Será formado um grupo de trabalho interministerial (GTI), coordenado pela Seppir, para discutir a viabilidades dessas reivindicações. “Cada um dos temas remete diretamente a um ministério ou mais de um, então agora temos que analisar essas propostas à luz dos programas já existentes, muitas delas já vinculam-se a ações que o governo federal já vem realizando, e podem ser incrementadas. Outras serão encaminhadas para a formatação de novos programas. Essa análise tem que estar vinculada ao estabelecimento de metas, a uma leitura em relação à capacidade orçamentária e até de ampliação de orçamento, e a uma distinção entre o que cabe ao Estado e à sociedade civil”, explicou à Agência Carta Maior a ministra Matilde Ribeiro, da Seppir.

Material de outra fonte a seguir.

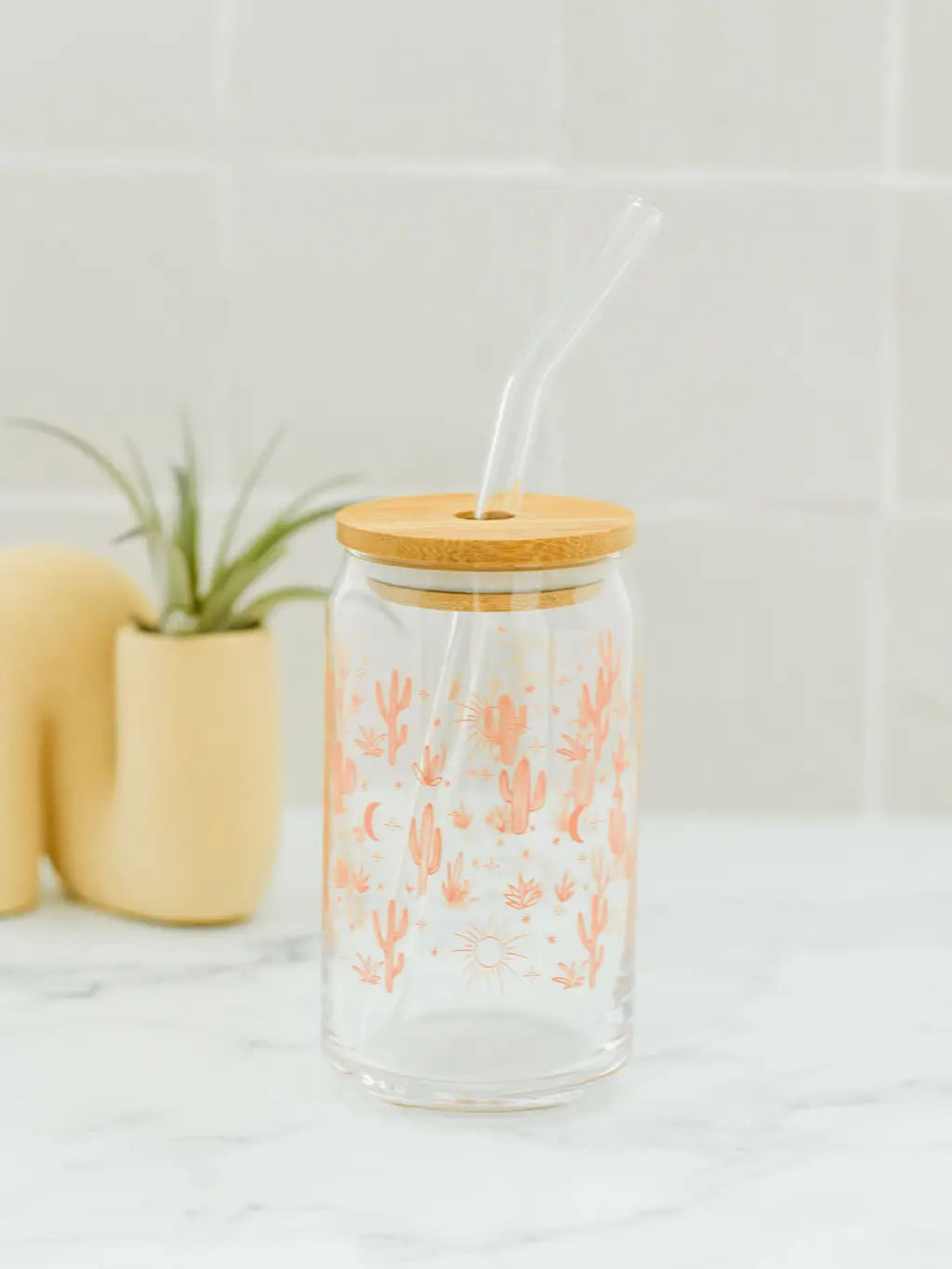 Cactus Glass Can With Lid & Straw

As propostas estão relacionadas a várias áreas das políticas públicas, como trabalho, educação, saúde, diversidade cultural, direitos humanos e segurança pública, comunidades remanescentes de quilombos, população indígena, juventude, mulher negra, aspectos da religiosidade de matriz africana, estratégias para o fortalecimento das organizações anti-racismo e políticas internacionais.

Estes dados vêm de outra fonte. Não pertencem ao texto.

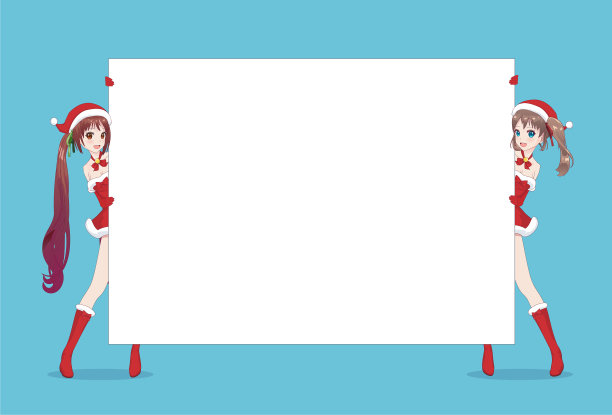 两个动漫女人从海报后面往外看图片下载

Na área do trabalho, por exemplo, há propostas de incremento de ações voltadas à juventude negra e às mulheres negras, grupos que, além da discriminação racial, recebem menos oportunidades de acesso a emprego em função da pouca experiência e do machismo, respectivamente. Também foi levantada a necessidade de intensificação de ações no campo de geração de renda para comunidades remanescentes de quilombo e indígenas.
Na educação, uma das principais discussões girou em torno da reserva de vagas para negros e indígenas no ensino superior público e da implementação da lei 10.639, que obriga o ensino de cultura afro-brasileira nos níveis médio e fundamental, além da necessidade de avançar nas ações no campo da alfabetização de adultos, já que negros, indígenas e ciganos são os mais desfavorecidos no sentido de permanecer nas escolas.
As comunidades quilombolas foram um dos principais assuntos debatidos na Conferência, o que serviu para dar visibilidade à luta desses povos. O próprio presidente Lula tratou desse tema em grande parte do seu discurso de abertura e houve um grupo de trabalho especial para discutir a situação em que se encontram tais grupos. A principal reivindicação que estará no plano nacional é a agilização da regularização fundiária de seus territórios.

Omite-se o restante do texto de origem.